Using GIS to Create Demand Response Service Schedule Zones and Times
Corresponding Author: Jeremy Scott, Institute for Transportation Research and Education
Presented By: Jeremy Scott, Institute for Transportation Research and Education
Scheduling demand response trips on a daily basis can be a daunting and time-consuming task. GIS can be used to simplify this process by creating service schedule zones using the geographical features in a transit system’s service area. The spatial and temporal components of a rider demand can be leveraged to group trips together to create the service schedule times.
This presentation will describe the GIS tools and process that were used to develop the service zones and the timing of service to the zones. A GIS model was created that takes the geographic features in the service area, rasterizes the layers, and then sums the raster layers together to create a set of least cost paths that form the foundation of the zone boundaries. A python script was built to aggregate the ridership demand and calculate the optimal central zone. These two shapefiles are then combined together to create one set of zone boundaries.
After creating the zones, another GIS model was created to spatially join the zones to each customer’s origin and destination.

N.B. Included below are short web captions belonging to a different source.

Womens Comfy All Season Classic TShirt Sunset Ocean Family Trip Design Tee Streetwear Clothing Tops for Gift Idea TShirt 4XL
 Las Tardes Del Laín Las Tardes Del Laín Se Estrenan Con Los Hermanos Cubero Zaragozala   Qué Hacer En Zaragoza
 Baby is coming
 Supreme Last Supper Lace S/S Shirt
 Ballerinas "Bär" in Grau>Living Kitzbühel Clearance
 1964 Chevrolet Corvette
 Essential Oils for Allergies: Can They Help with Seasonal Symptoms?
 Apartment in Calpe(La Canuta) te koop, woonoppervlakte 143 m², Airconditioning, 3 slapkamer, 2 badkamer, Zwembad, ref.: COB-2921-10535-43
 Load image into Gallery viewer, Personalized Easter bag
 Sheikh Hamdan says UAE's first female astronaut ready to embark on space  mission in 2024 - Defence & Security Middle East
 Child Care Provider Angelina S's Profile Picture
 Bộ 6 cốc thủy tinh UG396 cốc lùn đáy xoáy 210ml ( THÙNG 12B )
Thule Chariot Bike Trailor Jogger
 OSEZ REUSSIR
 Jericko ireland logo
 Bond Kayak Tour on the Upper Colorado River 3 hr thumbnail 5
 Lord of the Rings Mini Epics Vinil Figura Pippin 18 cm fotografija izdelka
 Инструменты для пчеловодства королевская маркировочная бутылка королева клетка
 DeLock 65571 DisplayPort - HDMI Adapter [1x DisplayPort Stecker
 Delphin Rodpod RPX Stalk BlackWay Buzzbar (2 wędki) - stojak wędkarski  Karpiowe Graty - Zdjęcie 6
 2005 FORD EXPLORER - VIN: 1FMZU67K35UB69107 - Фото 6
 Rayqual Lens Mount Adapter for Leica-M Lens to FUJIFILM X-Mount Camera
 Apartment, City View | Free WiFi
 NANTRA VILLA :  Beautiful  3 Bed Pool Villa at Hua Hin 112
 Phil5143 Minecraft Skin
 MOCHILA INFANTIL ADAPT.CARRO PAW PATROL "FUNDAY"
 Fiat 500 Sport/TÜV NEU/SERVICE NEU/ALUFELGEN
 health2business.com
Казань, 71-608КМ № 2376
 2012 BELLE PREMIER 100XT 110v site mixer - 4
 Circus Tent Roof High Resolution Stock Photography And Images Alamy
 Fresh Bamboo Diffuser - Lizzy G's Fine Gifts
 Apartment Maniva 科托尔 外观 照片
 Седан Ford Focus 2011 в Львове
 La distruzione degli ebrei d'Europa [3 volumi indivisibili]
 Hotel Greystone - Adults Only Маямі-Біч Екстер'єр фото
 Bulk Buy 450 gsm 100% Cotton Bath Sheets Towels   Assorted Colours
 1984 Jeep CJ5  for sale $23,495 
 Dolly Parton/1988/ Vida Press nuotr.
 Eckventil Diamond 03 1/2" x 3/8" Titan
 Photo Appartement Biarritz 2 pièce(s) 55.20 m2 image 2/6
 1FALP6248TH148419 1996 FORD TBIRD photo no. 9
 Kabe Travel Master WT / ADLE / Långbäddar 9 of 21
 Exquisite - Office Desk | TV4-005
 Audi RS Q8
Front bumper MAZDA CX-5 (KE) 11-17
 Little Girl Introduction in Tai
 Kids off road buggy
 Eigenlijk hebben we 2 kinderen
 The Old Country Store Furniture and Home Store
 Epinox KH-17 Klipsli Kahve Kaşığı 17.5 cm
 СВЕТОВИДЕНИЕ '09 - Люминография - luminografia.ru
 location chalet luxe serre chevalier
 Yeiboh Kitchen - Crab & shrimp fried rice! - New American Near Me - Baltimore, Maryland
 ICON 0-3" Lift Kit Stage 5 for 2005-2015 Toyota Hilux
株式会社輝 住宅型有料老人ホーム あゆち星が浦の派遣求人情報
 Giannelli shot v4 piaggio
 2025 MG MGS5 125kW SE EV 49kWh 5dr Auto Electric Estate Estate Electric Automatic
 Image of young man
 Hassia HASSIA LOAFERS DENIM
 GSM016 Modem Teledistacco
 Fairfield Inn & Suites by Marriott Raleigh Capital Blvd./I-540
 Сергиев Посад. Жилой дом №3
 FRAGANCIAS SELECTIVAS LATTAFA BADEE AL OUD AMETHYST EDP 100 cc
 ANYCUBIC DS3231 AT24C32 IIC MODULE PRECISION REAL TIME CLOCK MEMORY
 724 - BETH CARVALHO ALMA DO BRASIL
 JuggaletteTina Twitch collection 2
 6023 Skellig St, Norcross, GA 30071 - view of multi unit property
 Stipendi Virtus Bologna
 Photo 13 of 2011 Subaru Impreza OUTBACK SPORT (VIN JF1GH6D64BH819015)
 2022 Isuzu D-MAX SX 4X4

The results of the spatial join are then used to create a matrix that aggregates the number of trips between every zone combination and the time of day. The final schedule is created by grouping trips that have origins and destinations that are spatially and temporally similar.
This method has been applied to Lee County, NC, where the transit system has experienced increases in administrative and operational efficiency as a result of the process. In addition, the customers are better able to visualize how transit operates in their community and plan their daily travel needs around the schedule.